*Source material*.

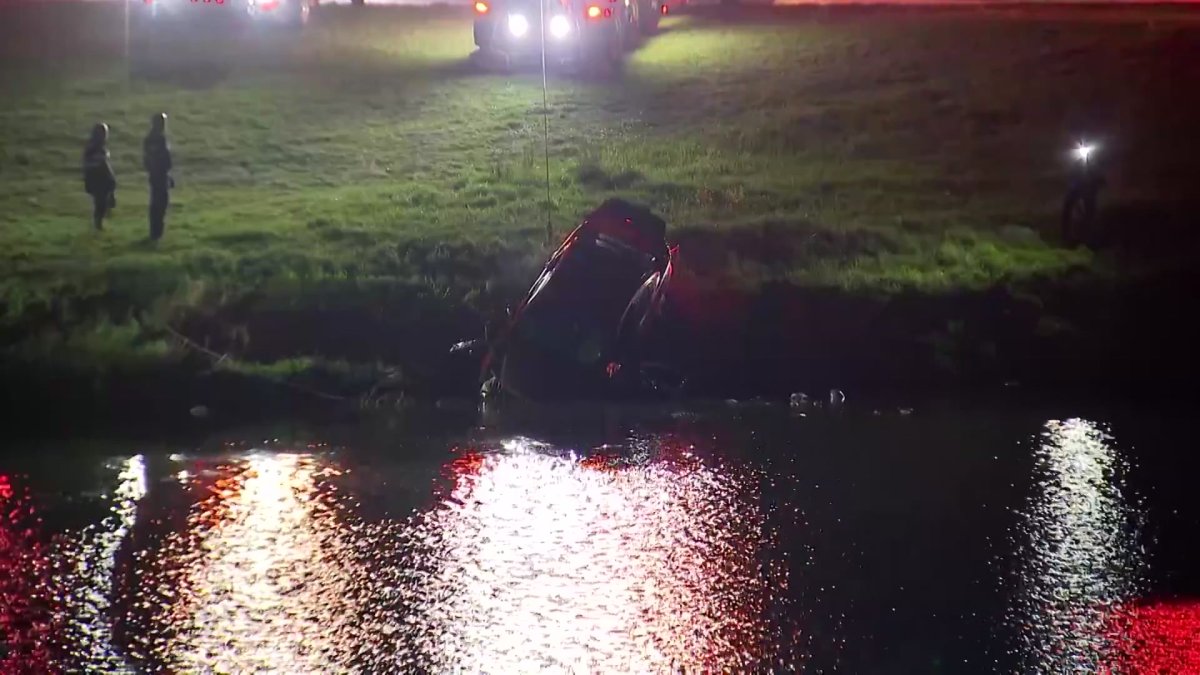 Mother and toddler die after car crashes into Trinity River – NBC 5 ...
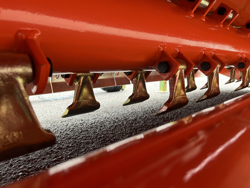 mittelschwerer mulcher mit seitenverstellung für alle mittleren traktoren mit reifen oder gleisketten mod tigre 180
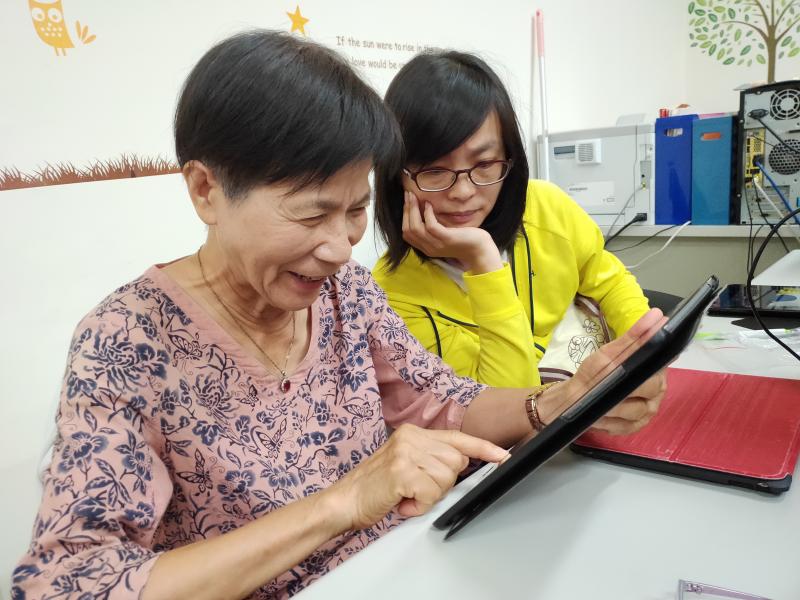 學員看到攝影機影像中的自己，覺得開心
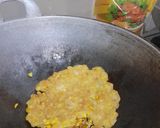 Foto langkah ke 6 dari resep Dadar Jagung Bumbu Instan.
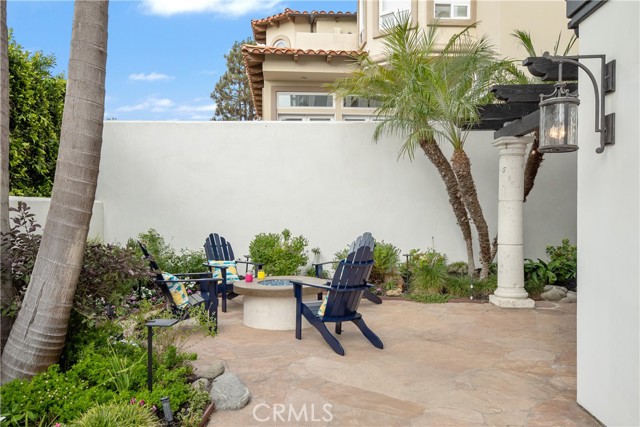 2322 Laurel Bluff Drive, Manhattan Beach, California 90266, 4 Bedrooms Bedrooms, ,3 BathroomsBathrooms,Residential,Sold,Laurel Bluff,SB21167191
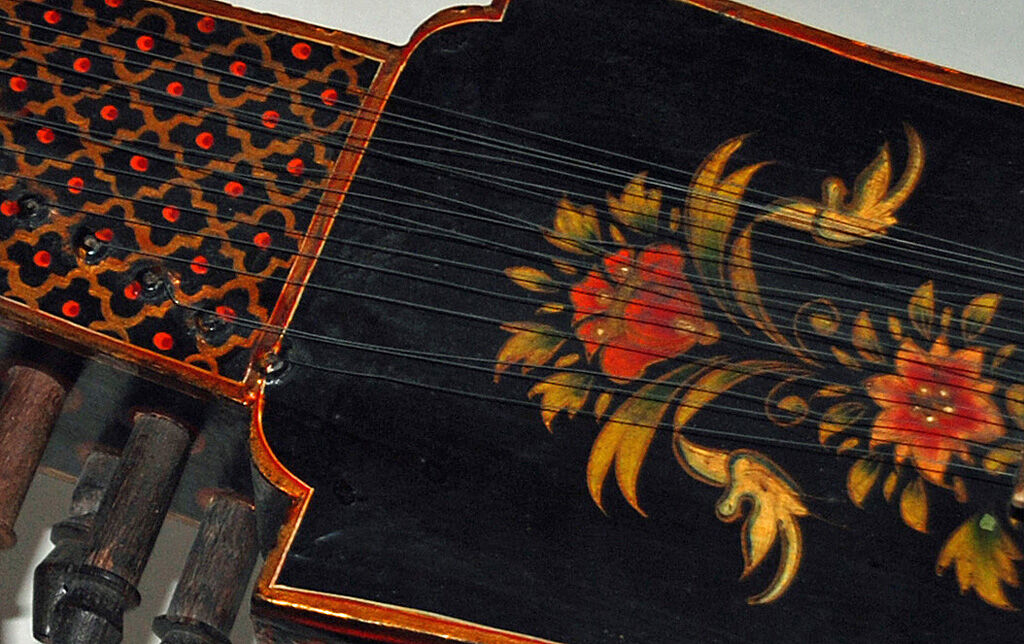 Sarangi-type vile India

*Exercise*.
From the line containing "mittelschwerer mulcher mit" down to the last line of the data, print every line exactly and nothing else. Pictures stay out of the copy.

*Output below*.
 mittelschwerer mulcher mit seitenverstellung für alle mittleren traktoren mit reifen oder gleisketten mod tigre 180
 學員看到攝影機影像中的自己，覺得開心
 Foto langkah ke 6 dari resep Dadar Jagung Bumbu Instan.
 2322 Laurel Bluff Drive, Manhattan Beach, California 90266, 4 Bedrooms Bedrooms, ,3 BathroomsBathrooms,Residential,Sold,Laurel Bluff,SB21167191
 Sarangi-type vile India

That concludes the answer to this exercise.